Cette expansion économique a été marquée par un franchissement symbolique du PIB nominal, qui a atteint 6458 milliards FCFA, dépassant pour la première fois le seuil des 6000 milliards. Un an plus tôt, il s’élevait à 5954 milliards FCFA. Cette progression est en grande partie liée à la stabilité macroéconomique et à des politiques publiques actives d’investissement.

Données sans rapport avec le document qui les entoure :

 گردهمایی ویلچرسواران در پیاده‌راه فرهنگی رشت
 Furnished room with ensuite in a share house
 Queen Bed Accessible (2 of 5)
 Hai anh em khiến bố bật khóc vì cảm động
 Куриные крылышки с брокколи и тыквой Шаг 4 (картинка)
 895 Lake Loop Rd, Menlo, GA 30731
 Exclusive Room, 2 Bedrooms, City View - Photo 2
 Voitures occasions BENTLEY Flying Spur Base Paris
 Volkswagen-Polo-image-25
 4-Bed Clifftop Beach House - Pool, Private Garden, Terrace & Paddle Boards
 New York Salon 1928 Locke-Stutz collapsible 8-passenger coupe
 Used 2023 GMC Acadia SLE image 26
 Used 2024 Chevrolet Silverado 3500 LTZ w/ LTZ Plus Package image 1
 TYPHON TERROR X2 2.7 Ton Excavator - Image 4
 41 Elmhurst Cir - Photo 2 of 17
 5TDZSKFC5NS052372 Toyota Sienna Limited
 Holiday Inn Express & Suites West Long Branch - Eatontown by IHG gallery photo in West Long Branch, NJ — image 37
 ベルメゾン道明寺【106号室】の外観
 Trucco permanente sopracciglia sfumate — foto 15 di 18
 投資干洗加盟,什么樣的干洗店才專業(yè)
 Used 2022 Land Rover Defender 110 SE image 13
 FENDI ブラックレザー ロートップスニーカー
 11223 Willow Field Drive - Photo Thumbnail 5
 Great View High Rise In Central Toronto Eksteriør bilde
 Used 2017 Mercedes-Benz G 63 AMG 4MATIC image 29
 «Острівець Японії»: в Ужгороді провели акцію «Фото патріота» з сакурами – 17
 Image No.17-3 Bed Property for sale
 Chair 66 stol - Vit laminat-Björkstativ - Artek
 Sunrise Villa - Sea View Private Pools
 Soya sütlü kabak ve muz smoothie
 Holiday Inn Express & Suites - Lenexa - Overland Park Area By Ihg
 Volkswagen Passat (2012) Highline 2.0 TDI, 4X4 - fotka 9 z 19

Le dernier trimestre de l’année a joué un rôle crucial dans cette performance globale. La croissance a bondi de 17,7 % entre octobre et décembre 2024, en comparaison à la même période de 2023, compensant largement un début d’année difficile marqué par une baisse de 5,8 % au premier trimestre. Ce rebond a permis de stabiliser l’ensemble de l’année sur une pente ascendante.
Plusieurs projets structurants ont contribué à cette dynamique, notamment la montée en puissance de la Plateforme industrielle d’Adétikopé (PIA), qui est entrée en phase d’exploitation active. Le site abrite désormais plus d’une quinzaine d’unités industrielles, dans des domaines tels que la transformation du soja, le textile ou encore l’assemblage. Il a généré près de 2000 emplois directs et ambitionne d’en créer jusqu’à 7000 d’ici fin 2025.
Les zones agricoles planifiées (ZAAP) ont également permis d’augmenter les rendements dans le secteur vivrier, entraînant une croissance de 5,9 % du secteur primaire. Parallèlement, le port autonome de Lomé a franchi la barre des 30,6 millions de tonnes de trafic, consolidant sa position stratégique dans la sous-région. Le développement du numérique dans les services administratifs et logistiques a aussi permis d’accroître la productivité du secteur tertiaire.
Malgré ces avancées, certaines branches économiques ont souffert de reculs importants, notamment la production électrique, le bois ou encore les matériaux de construction. Toutefois, l’inflation contenue à 2,3 %, combinée à une reprise dans l’industrie alimentaire et extractive, permet aux autorités de viser la consolidation de ces acquis en les transformant en leviers de développement durable.